Source data:

◇ ◇ ◇ ◇ ◇

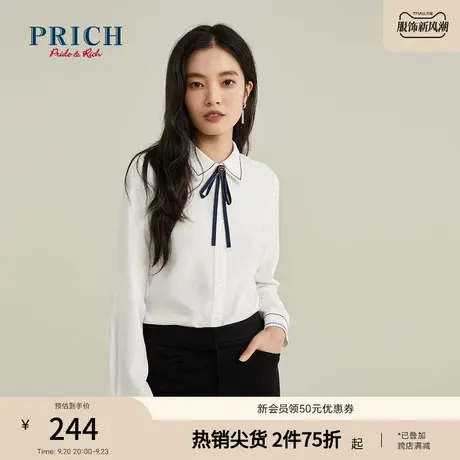 PRICh【商场同款】秋冬款气质设计感优雅气质百搭长袖衬衫图片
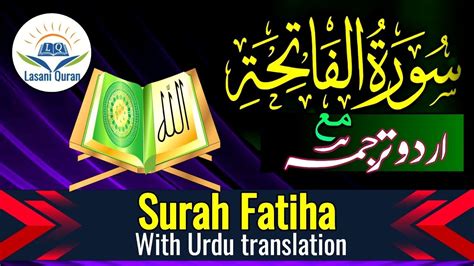 Surah Fatiha Urdu Translation। Surah Al Fatiha । Surah Fatiha With Urdu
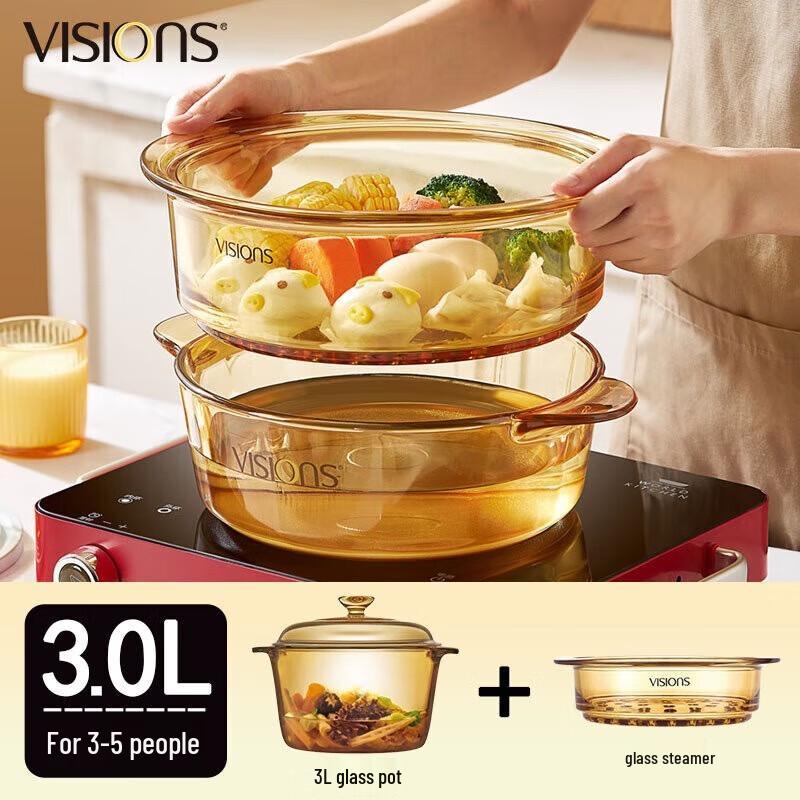 Corning Visions Flameproof Amber Glass Cooking Pot 3L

◇ ◇ ◇ ◇ ◇

Task to complete: The answer must be the exact lines from the line with "Surah Fatiha Urdu" to the final line of the data, both ends included, with no pictures.

Reply:
 Surah Fatiha Urdu Translation। Surah Al Fatiha । Surah Fatiha With Urdu
 Corning Visions Flameproof Amber Glass Cooking Pot 3L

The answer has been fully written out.